Contra el feminicidio
Lydia Cacho, periodista mejicana que ha dedicado su vida a denunciar la corrupción criminal en su país, es otro caso de cómo la determinación de una mujer es capaz de derribar estructuras que parecían inamovibles. El periodista Roberto Saviano, autor de Gomorra, (otro caso excepcional) ha calificado a Lydia como “un ejemplo para el periodismo en todo el mundo”.
Cacho escribió en 2005 ‘Los demonios del Edén’, un libro en el que se vinculaba a personalidades de la vida pública de México y a empresarios estadounidenses con una red de pederastia y pornografía infantil.
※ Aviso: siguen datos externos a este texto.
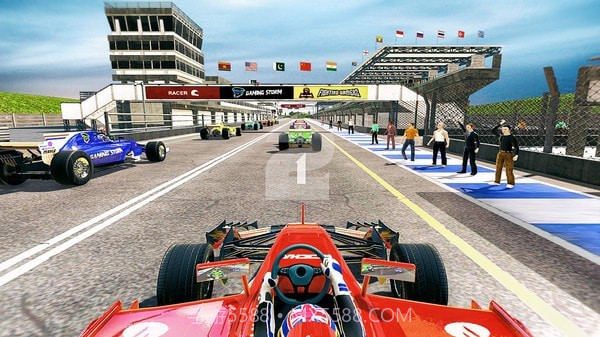 汽车竞速2021截图4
Con su publicación se desató un escándalo político en México, y Cacho fue sometida a una campaña de presión muy fuerte con denuncias por difamación y calumnias, así como con amenazas de muerte para ella y para el equipo que la apoyaba en la investigación realizada. En diciembre de 2005 fue detenida en Quintana Roo por policías de Puebla que la condujeron encapuchada a ese Estado. Durante el trayecto, la periodista y defensora de los derechos humanos fue torturada psicológicamente y amenazada de muerte.
Esta mujer excepcional también se ha implicado desde hace más de una década en la denuncia del feminicidio que desde 1993 se está produciendo en Ciudad Juárez. Allí, en medio de la más absoluta impunidad, han sido asesinadas casi medio centenar de mujeres sin que se haya condenado hasta la fecha a un solo culpable.
En una sentencia histórica, hecha pública el pasado mes de diciembre, la Corte Interamericana de Derechos Humanos, con sede en Costa Rica, declaró culpable al Estado mexicano por ocho feminicidios cometidos en Ciudad Juárez (México). La sentencia da respuesta a una denuncia de Irma Monreal por la desatención de las autoridades mexicanas ante la desaparición y muerte de su hija de 15 años en Ciudad Juárez en el año 2001. Es la primera condena dictada sobre este caso flagrante de impunidad y crimen. La Corte ha sido contundente: el Estado debe reparar los daños y encontrar y castigar a los culpables. Cuando conoció la noticia, Lydia Cacho, que estaba en Canadá recibiendo el prestigioso premio PEN, se echó a llorar.